The belief is that the more prosperous these richer classes become, the more crumbs would trickle down to feed more of the poor. In fact, there is no in-built mechanism in this system to ensure distributive justice. The system actually ensures that the poor remain perpetually poor while the rich keep prospering in perpetuity. As a result, there have emerged over the last 60 years two Pakistans, one relatively very rich and the other very poor.

In civilized societies, the crass practices of capitalism and the consequences of free-for-all are constantly corrected and tempered by well-entrenched regulatory mechanisms with oversight from democratic institutions conforming to a constitution in which the interests of the even the poorest are also safeguarded. But in Pakistan, such statutory regulatory institutions do not exist. The ones, which have been set up for form’s sake, have been rendered impotent by keeping them under the executive rather than being overseen by the parliament.

Another factor, which has contributed to the emergence of two Pakistans and the consolidation of the barrier between the two, is the rise of a ruling elite comprising, feudal aristocracy, big business, the military and the civil bureaucracy. This elite has over the years acquired a grip over all the instruments of political power. And it has been using this unchallengeable political power to aggrandise to itself all the fruits of development by shutting out completely the shirtless millions from the national economy.

The modus operandi here is very simple. Make policies that render it impossible to redistribute land and also facilitate big business to avoid paying full taxes due from them. The civil and military bureaucracy has been colluding with the feudal and the big business in this matter for a generous feet.

In fact with inter-marriages and business collaborations, all these four members of ruling elite have become one seamless entity. And it has framed the national education policy in such a manner that a permanent and non-scalable intellectual wall has been erected between the children of the ruled and the rulers.

No one of the four members of the ruling elite raises any questions when measures to protect the fundamental interests of any one of the other three members are proposed through the annual budgets.

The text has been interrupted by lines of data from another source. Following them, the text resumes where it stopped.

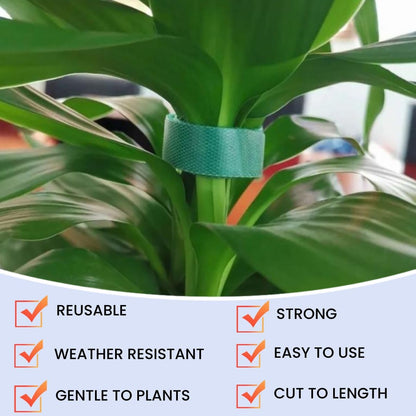 Reusable Plant Ties for Climbing Plants Hook and Loop Green Nylon Plant Straps Tape Double Sided Garden Tie Strap Reusable Adjustable Gentle Support for Vines, Trellis, Tomato (1/2 Inch x 16.4 ft)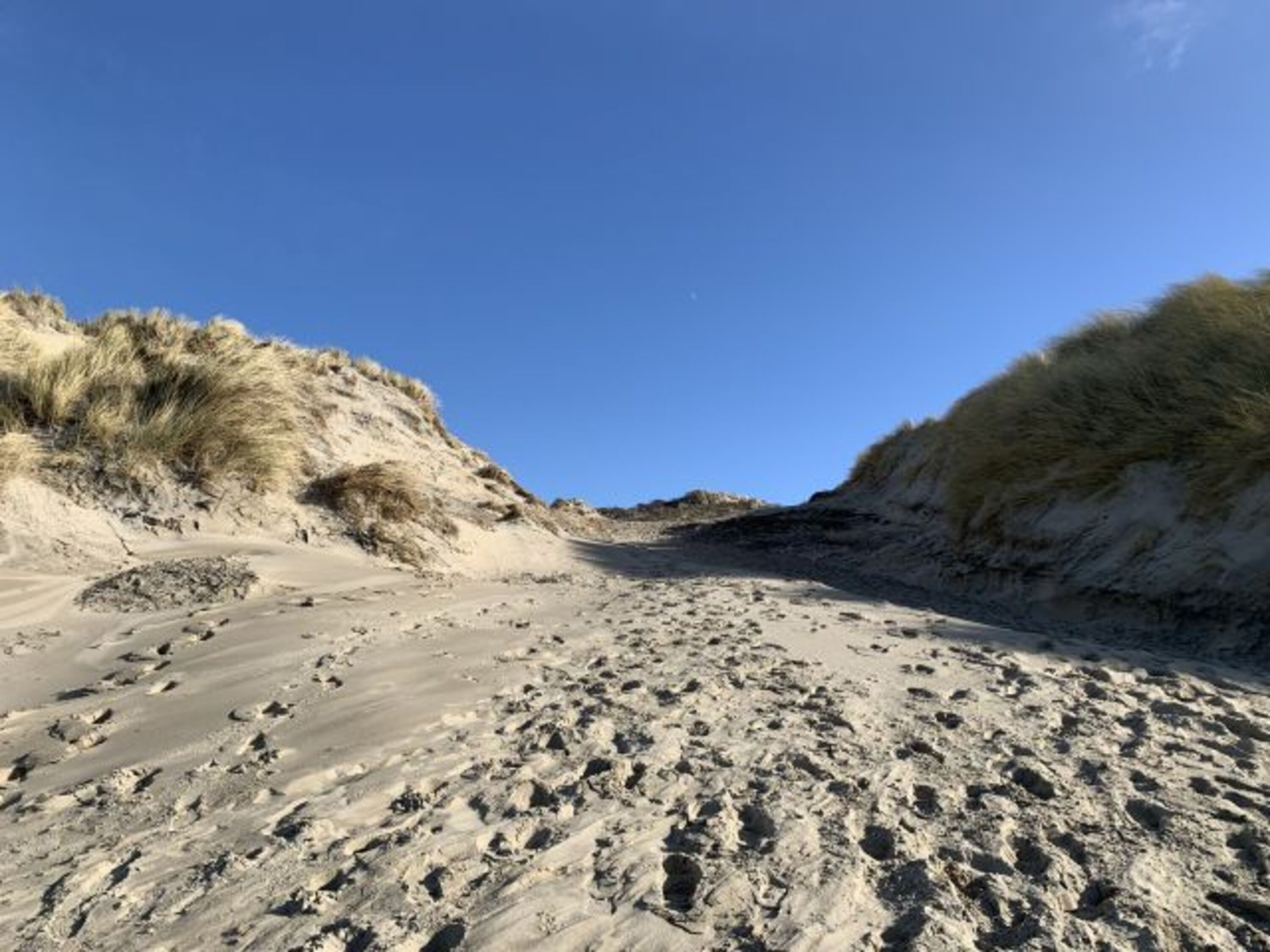 Bild 23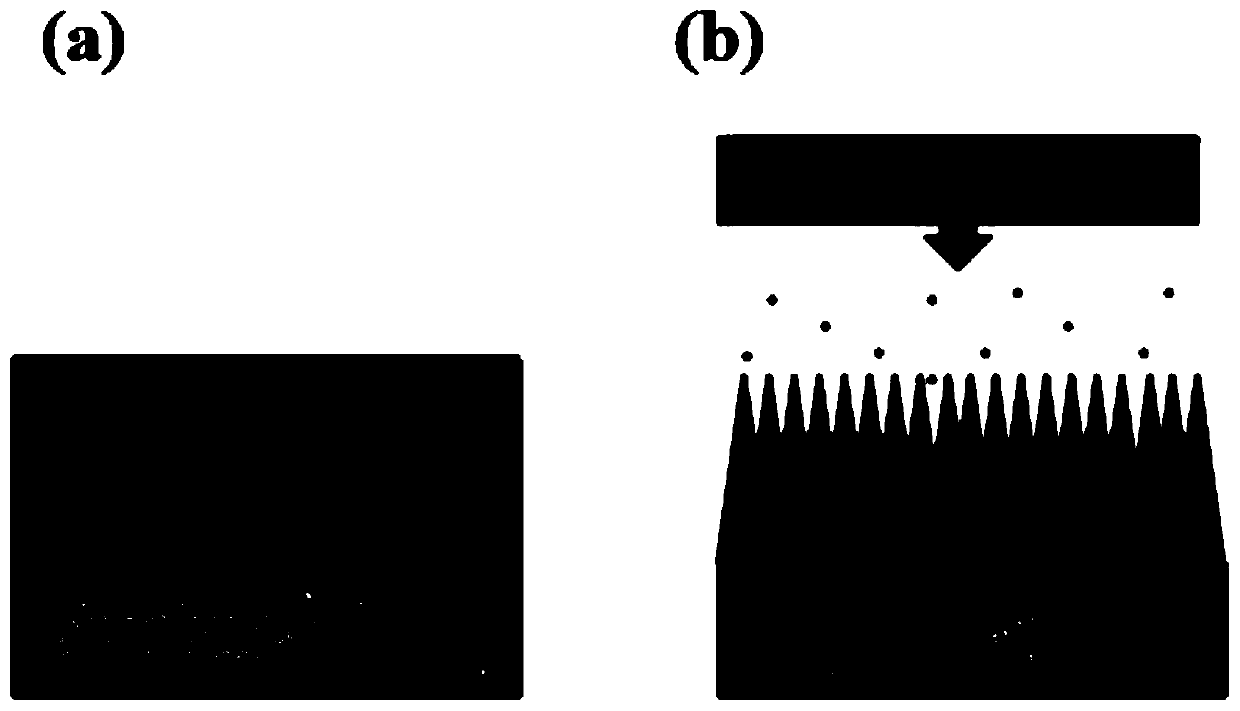 A kind of men coating with high specific surface area and its preparation method and supercapacitor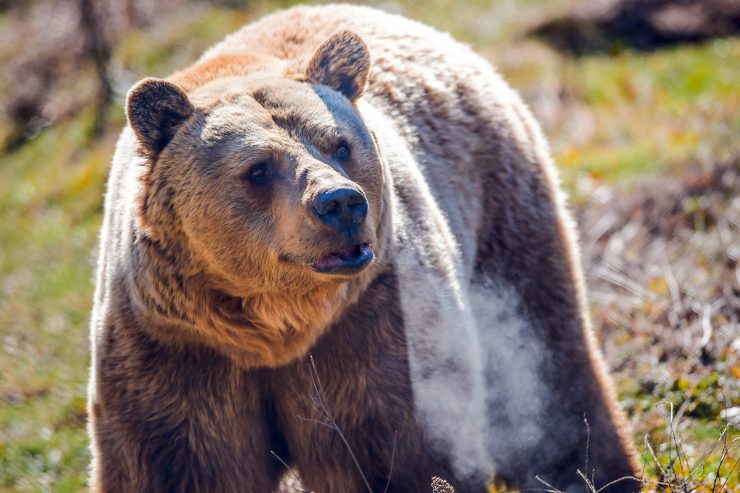 Das Wimmern der Welpen / In Rumänien mehren sich die Hinweise auf den illegalen Handel mit Jungbären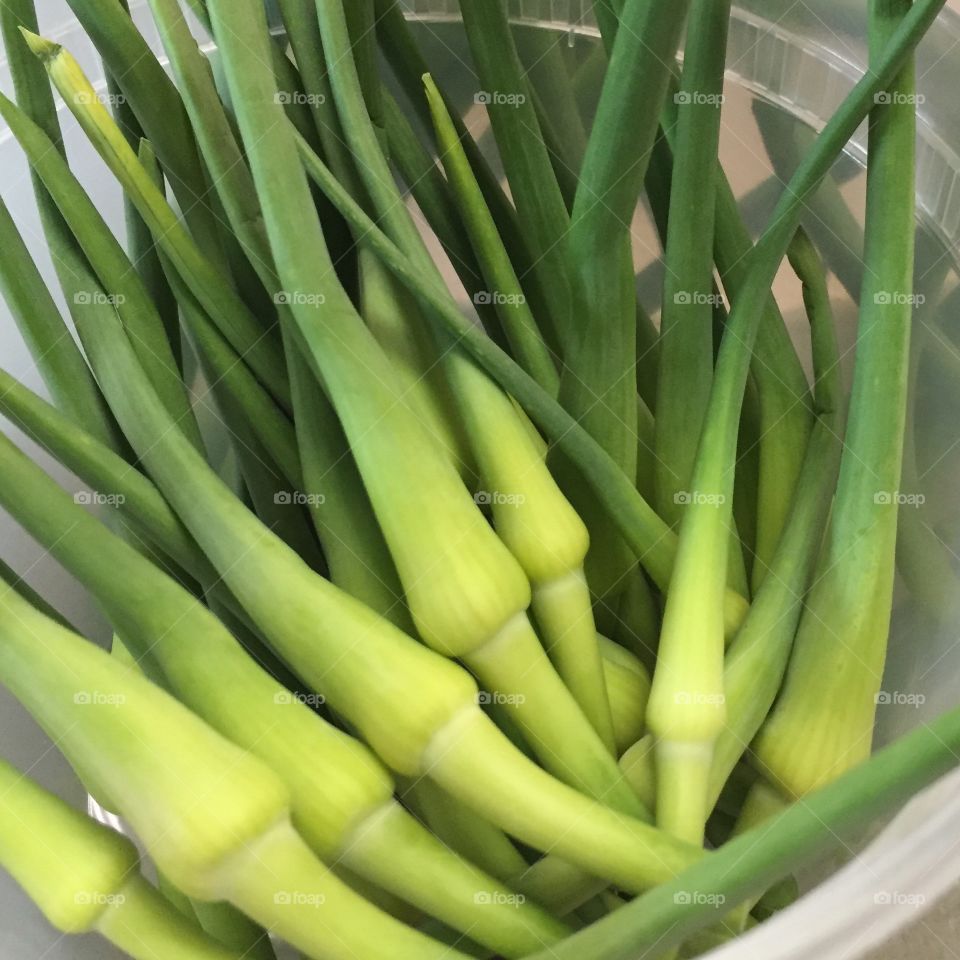Garlic scapes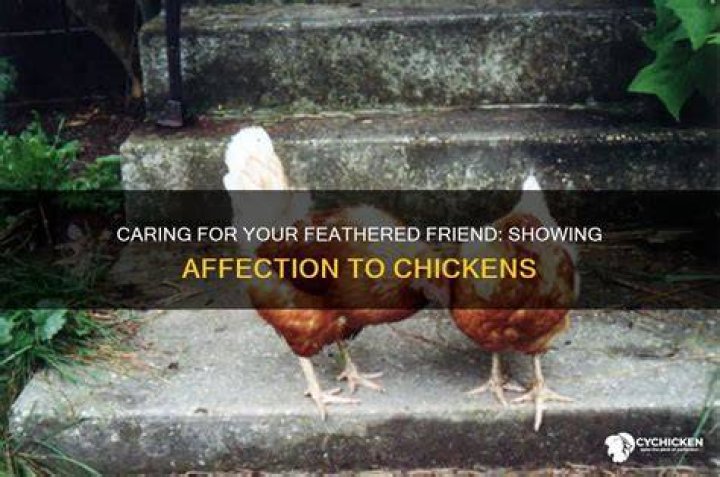 How does a chicken show affection?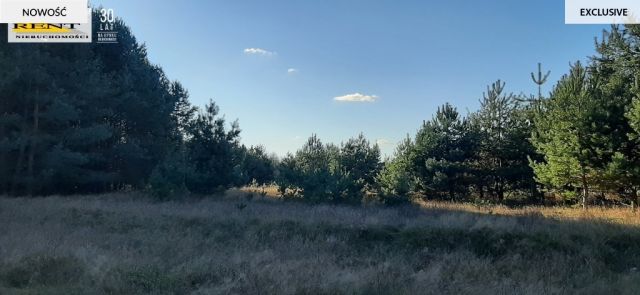 Działka rekreacyjna Krzywnica. Zdjęcie 8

For example, they all agree that defence budget should never be challenged beyond some rhetorical protests. Similarly there is not hue and cry from other members of the ruling elite when extra measures are proposed to protect the interests of the feudal aristocracy or excessive concessions are allowed to big business.

None of the three bothers that even today 95 per cent of the arable land in the country is in the hands of about five per cent of the population or that business and industrial oligopolies are mushrooming. And that there are as many as 32 military cantonments in the 104 or so districts in Pakistan and growing and, that there are as many as over a dozen huge military farms in the country.

The biggest conglomerate, the industrial, housing and commercial holdings of the defence services, has been removed out of all kinds of oversight. The big business which, shares cabinet posts has been allowed to form cartels, indulge in hoarding and black market and stock market manipulation and the feudal, a part of the government, is allowed to play freely with the national agricultural agenda.

All this comes under the definition of conflict of interest. Since the ruling elite enjoys the commanding heights of business, politics, power (Army) and intellectual monopoly (civil service), it has become almost impossible to resolve this conflict and create a level playing field for each and every individual citizen.